Hong Kong Drops Tax Breaks on EVs
February 23, 2017 Taxation in Hong Kong
On February 22nd the Finance Secretary of Hong Kong Paul Chan Mo-po announced that the government will be drastically cutting back on the tax exemption offered on the registration of electric vehicles, as such vehicles have become popular enough to no longer warrant heavy tax breaks.
Private vehicles being registered in Hong Kong are levied with a tax based on the value of the car, with the first HKD 150 000 of a car’s value taxed at 40 percent, with 70 percent charged on the next HKD 150 000, an additional 100 percent on the next HKD 200 000, and a final 115 percent on the remaining value.
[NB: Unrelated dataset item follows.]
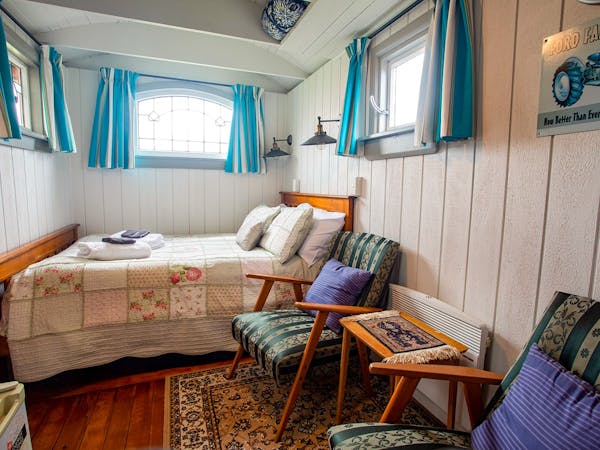 A rustic vintage bedroom with timber walls at Musterer's Accommodation, Fairlie.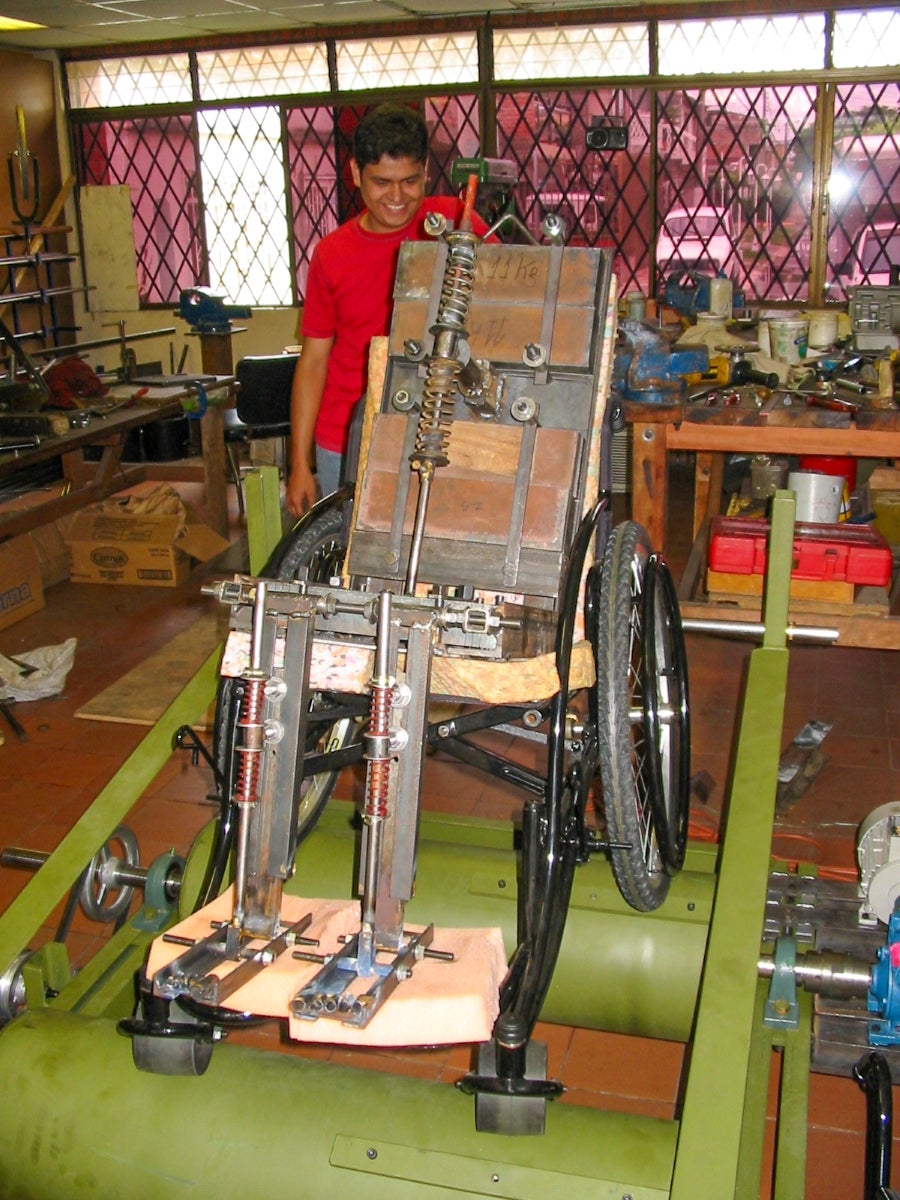 A man with medium skin tone wearing a red shirt stands in a workshop behind a large wheelchair with test equipment set up on the chair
Electric vehicles have been exempt from the taxes since 1994.
However, the exemptions on electric vehicles have now been reduced to only the first HKD 97 500 of tax payable.
It is estimated that due to the change, the tax increase on the cheapest Tesla car available in Hong Kong would be HKD 300 000, while the most luxurious model would rise by as much as HKD 1 000 000.
It has been reported previously that Tesla represents over 80 percent of all electric vehicles in the city, which also has the highest density of Tesla chargers in the world, and has been described as “beacon city for electric vehicles” by the CEO of Tesla, Elon Musk.